Theaterkritik zu "Die Nashörner": Vorsicht: Infektionsgefahr!

Esther Hattenbach seziert in Ionescos „Nashörnern“ am Potsdamer Hans Otto Theater die heutige Social-Media- und Talkshow-Realität.

Potsdam - Es passiert einfach. Eines Tages taucht ein Nashorn auf und nach und nach verspüren immer mehr Menschen das Bedürfnis, ebenfalls ein alles niedertrampelnder Dickhäuter zu sein. Die Population wächst rasant und alle – bis auf einen – stecken sich quasi epidemisch mit „Rhinozeritis“ an. Das ist das absurd-poetische Geschehen, das Eugène Ionesco in seinem berühmten Stück „Die Nashörner“ erzählt, das vierzehn Jahre nach dem Zweiten Weltkrieg die Entstehung totalitärer Systeme thematisiert. Und das schon deswegen absurd anmutet, weil Nashörner als Einzelgänger gelten.

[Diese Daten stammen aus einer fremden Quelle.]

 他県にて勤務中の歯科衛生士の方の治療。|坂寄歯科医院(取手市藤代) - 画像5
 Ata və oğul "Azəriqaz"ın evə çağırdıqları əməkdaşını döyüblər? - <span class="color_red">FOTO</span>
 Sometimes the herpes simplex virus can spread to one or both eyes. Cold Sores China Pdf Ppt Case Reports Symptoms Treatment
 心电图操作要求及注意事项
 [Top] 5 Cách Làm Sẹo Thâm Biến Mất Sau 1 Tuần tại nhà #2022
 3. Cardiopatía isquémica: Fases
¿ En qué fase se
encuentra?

Worin besteht die Faszination, ein Nashorn zu sein – das ist eine der Fragen, die man sich stellt, wenn man das Stück von Ionesco liest. Doch in der Inszenierung von Esther Hattenbach, die am Freitagabend im ausverkauften Hans Otto Theater Premiere hatte, kommt diese Anziehungskraft beim eigenen Zuschauen kaum auf.

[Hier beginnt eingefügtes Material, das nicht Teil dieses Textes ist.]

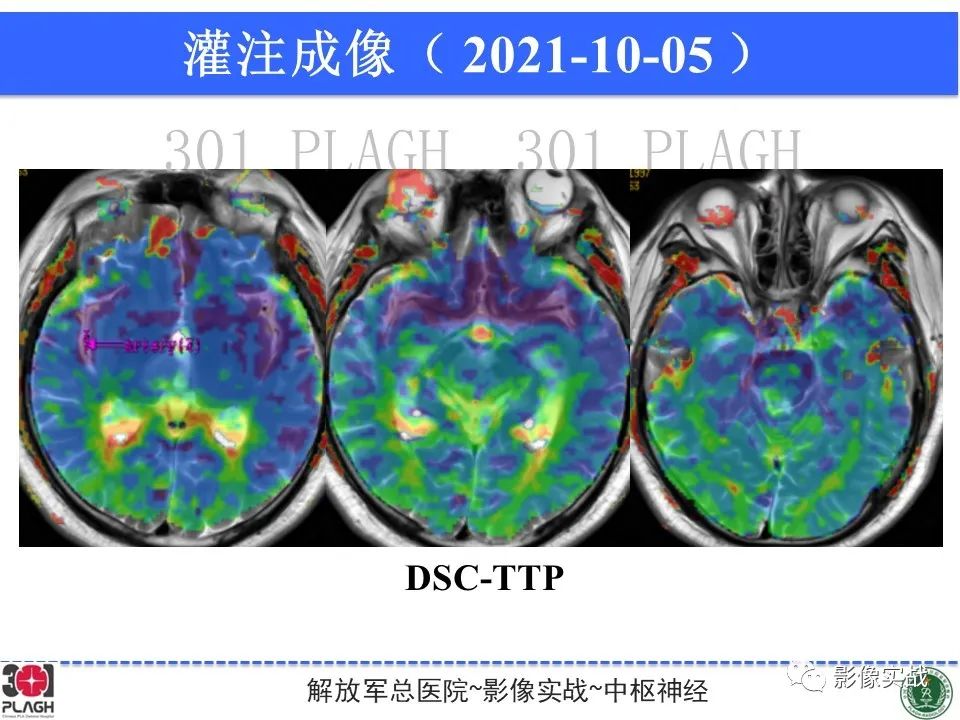 【病例】中枢神经系统生殖细胞肿瘤1例MR-22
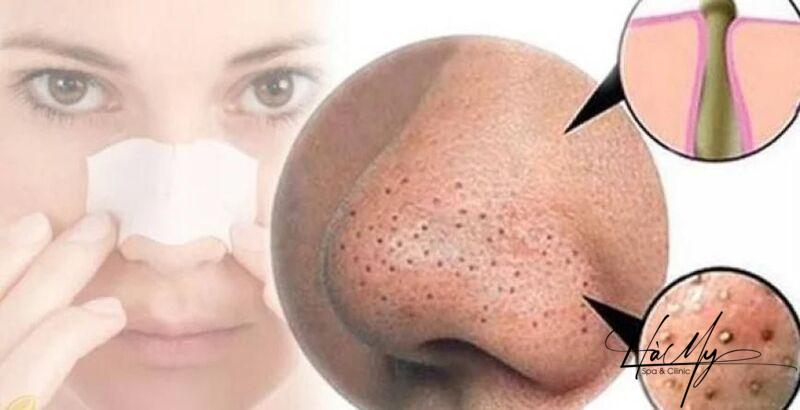 Cách Chăm Sóc Da Bị Mụn Đầu Đen Hiệu Quả 6 Cách chăm sóc da bị mụn đầu đen (Nguồn: Internet)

Denn die auch dort immer stärker werdende Rhinozeros-Population bleibt nicht nur im Wortsinn unsichtbar. Lediglich lautes Grunzen, Schnauben, Trampeln behauptet akustisch deren Präsenz. Anders als in Ionescos Vorlage, in der der Autor der Beschreibung der körperlich mächtigen Tiere und ihrer Robustheit sehr viel Raum gewährt und auch darüber Faszination nachvollziehbar werden lässt. Beispielsweise bei der für alle sichtbaren, körperlichen Verwandlung von Hans – der bei Hattenbach schon anfangs und äußerlich gaulanddesk mit Lesebrille und Hundekrawatte von Jörg Dathe dargestellt wird – und so schon ein „Nashorn“ ist.

Alles wird zerredet

Die Regisseurin investiert insgesamt viel Raum und Ideen in die Zeichnung der (gegenwärtigen) Gesellschaft der kleinen, hier in Brandenburg angesiedelten Stadt, in der Hans und Behringer, Stech und Wisser, Daisy und Frau Ochs, die Kellnerin und die Hausfrau, der Wirt, der Herr und nicht zuletzt der Logiker – als hauptsächliche Vertreter eines (klein-)bürgerlichen Milieus leben.

Alle sind mit ihren bunten birnenförmigen Kleidern und den kindischen Dreiviertelhosen (Kostüme: Regina Lorenz-Schweer) Puzzle-Teile einer lauten und oberflächlichen Gesellschaft, die ästhetisch Anklänge an „Alice im Wunderland“ entwickelt. Und in der ständig geredet und erklärt, erklärt und geredet und letztlich alles zerredet wird. So auch der Fakt, dass ein oder zwei Nashörner urplötzlich in der Stadt aufgetaucht sind. Hattenbach zeigt von Anfang an – unter anderem durch die Kostümierung und den Sprachgestus – die Konformität der Einzelnen; selbst Behringer, der bei Ionesco noch ganz der Außenseiter ist, gehört hier zum Mainstream.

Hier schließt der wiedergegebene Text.